Information provided:
· · · · · · ·

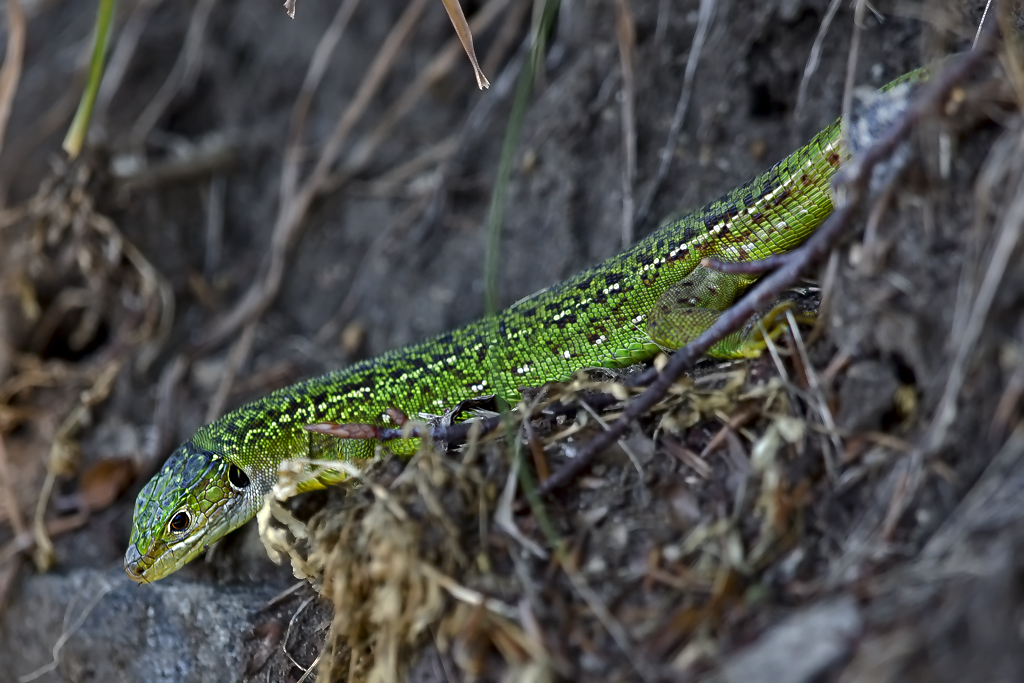 Smaragdeidechse – Hier ein Weibchen mit gelben Längsstreifen,  aufgenommen am 21. August 2015 auf dem Cardada, Hausberg Locarnos 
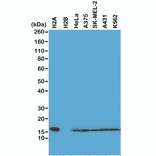 Western Blot - Anti-Histone H2A Antibody [RM225] (A121316) - Antibodies.com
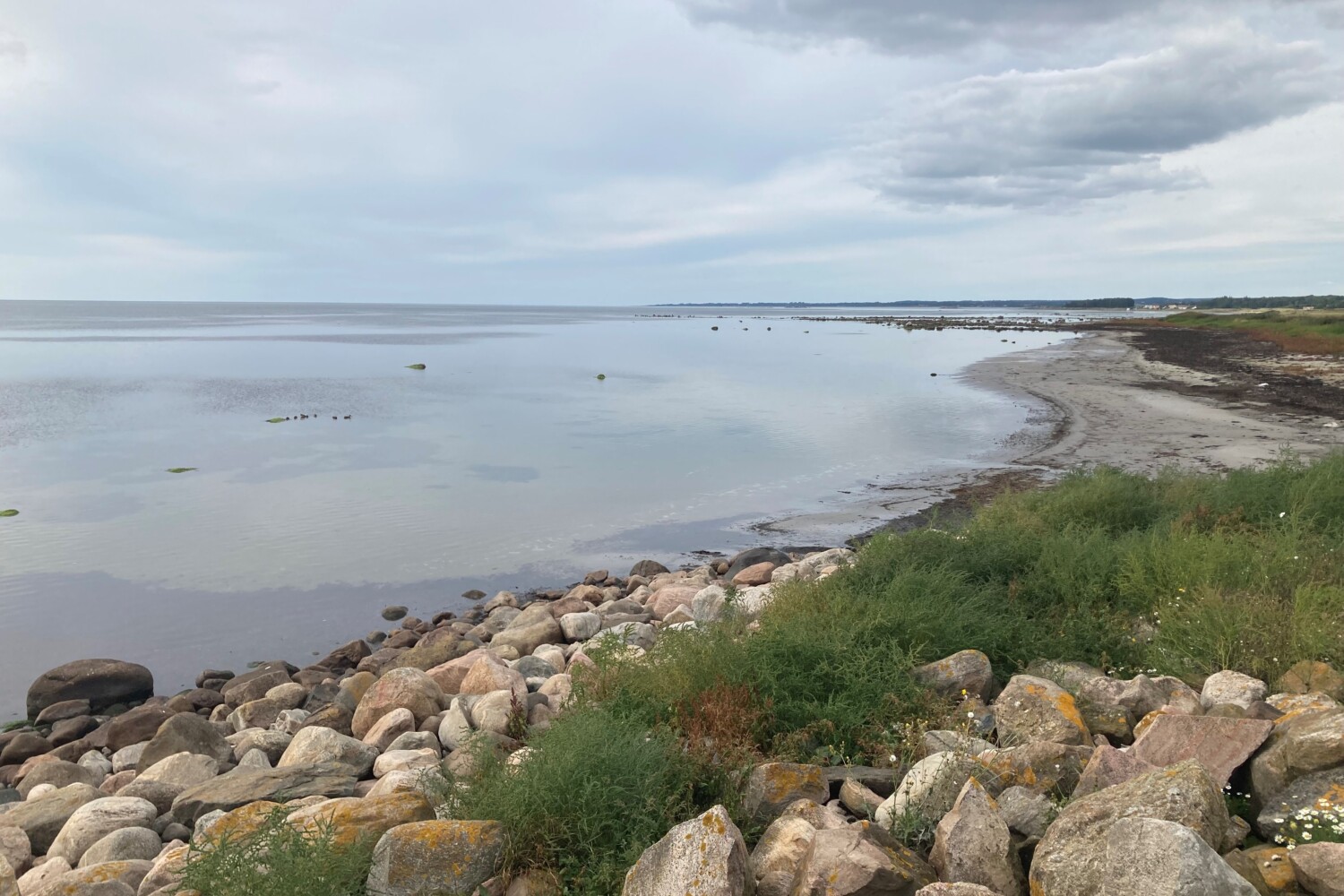 Skälderviken i Skåne med stenar i förgrunden som illustrerar att sten från kusten har försvunnit genom "stenfiske" och stenreven behöver återställas för att få tillbaka de livsmiljöer som försvunnit.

· · · · · · ·

Problem:
Nothing but the lines from the beginning of the material through the line with "Western Blot - Anti-Histone" should appear, printed exactly, with no pictures among them.

Response box:
 Smaragdeidechse – Hier ein Weibchen mit gelben Längsstreifen,  aufgenommen am 21. August 2015 auf dem Cardada, Hausberg Locarnos 
 Western Blot - Anti-Histone H2A Antibody [RM225] (A121316) - Antibodies.com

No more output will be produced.